FWIW, this component:

  PostgreSQL, Elasticsearch cluster, Redis, RabbitMQ, Django / Python3, uWSGI, Nginx, Celery, Celery Beat, Supervisord
All of that is a very typical Django stack with React bolted onto the frontend. Whether he runs into trouble managing RabbitMQ, Redis, Postgres or any of the Python services is another story, but at least if he did there are many, many others using the exact same stack, so he should be able to easily find answers to people experiencing the same problems. All of these technologies have several year track records now, too, so (hopefully) they are stable and reliable in production. My biggest concern would be managing the ES cluster.
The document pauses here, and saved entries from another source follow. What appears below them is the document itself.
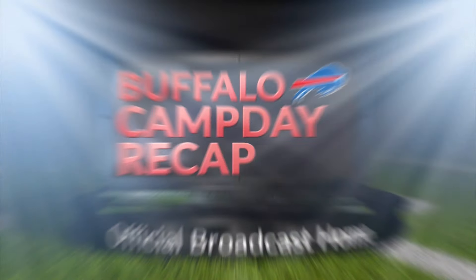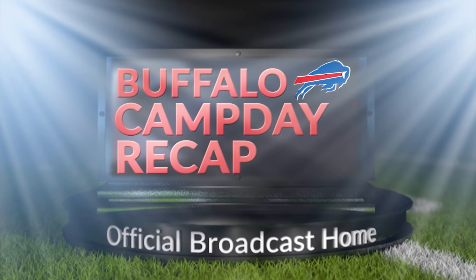As always you can check out Buffalo Camp Day Recap at rochesterfirst.com, on YouTube, and wherever you find your podcasts. We'll be back again tomorrow for practice number three. Pads are not coming on tomorrow — I'd think it's going to be Sunday at the earliest, so at least one more day of helmets and shorts. For A.J. Feldman, I'm Thad Brown — thanks as always for watching and listening, and we'll see you again tomorrow.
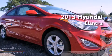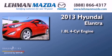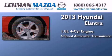This is a brand-new 2013 Hyundai Elantra. It features a 1.8-liter four-cylinder engine and a six-speed automatic transmission.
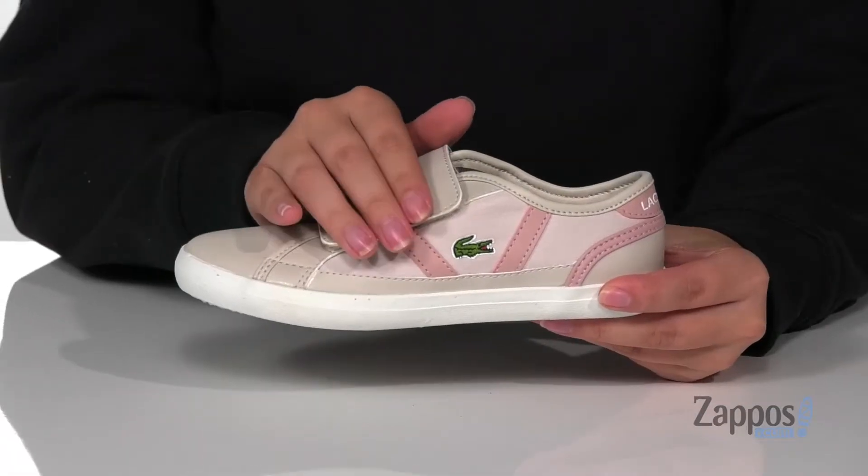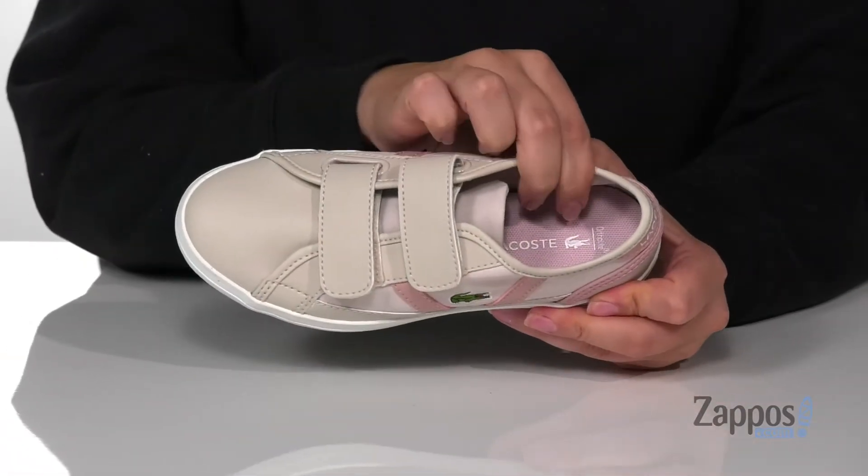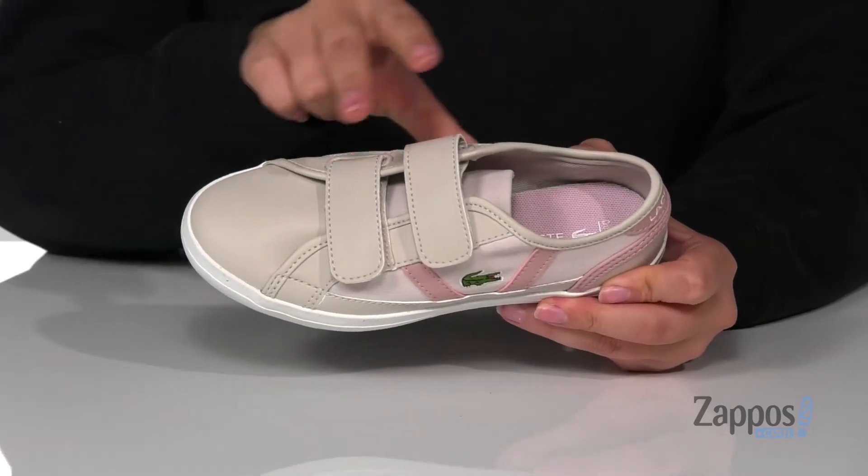Hey y'all, it's Katerina from Zappos and I'm going to show you this style by Lacoste Kids. These sneakers have a textile and smooth synthetic upper with a textile inner lining. They are cushioned with an ortholite footbed for comfort, and across the top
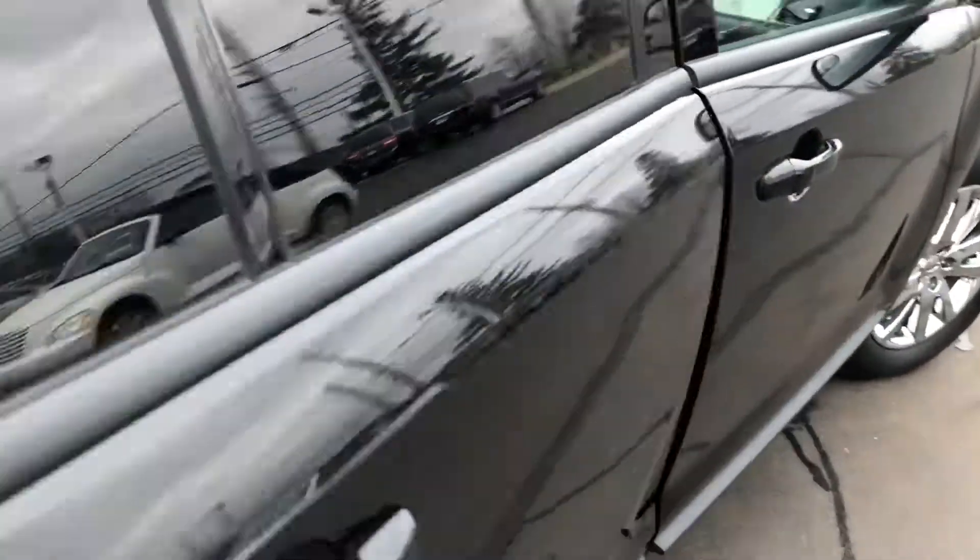Keyless entry. You also have the defroster in both of the mirrors. Serious sound — it's got Sync, Microsoft Sync, power push button start, navigation, backup camera, heated seats. Well loaded inside and out, all the bells and whistles.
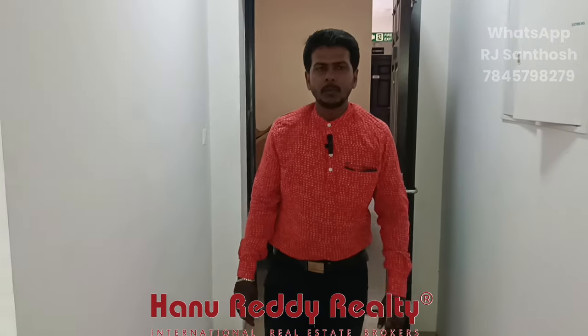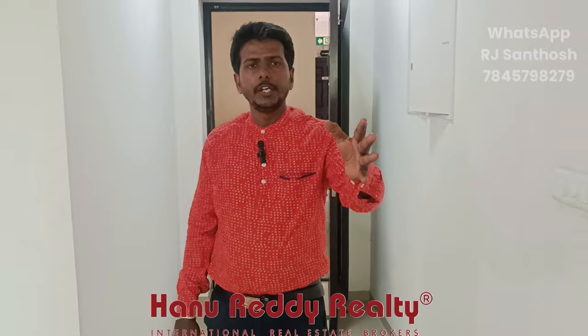My name is Arjee Santosh from Anuridhi Reality. Let's see what our property is. The property is 1.2 km from the main road, and Demart is 1.2 km away.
On the other hand, I disagree with his points about docker being overly complex. Docker images are simple. Kubernetes, once you get the hang of it, is great on GKE and gives you automatic SSL via Google or let’s encrypt, and load balancing and auto-scaling just works. It’s probably more expensive than managing your own servers, at this level, but maybe not since you could pack more services into fewer compute instances.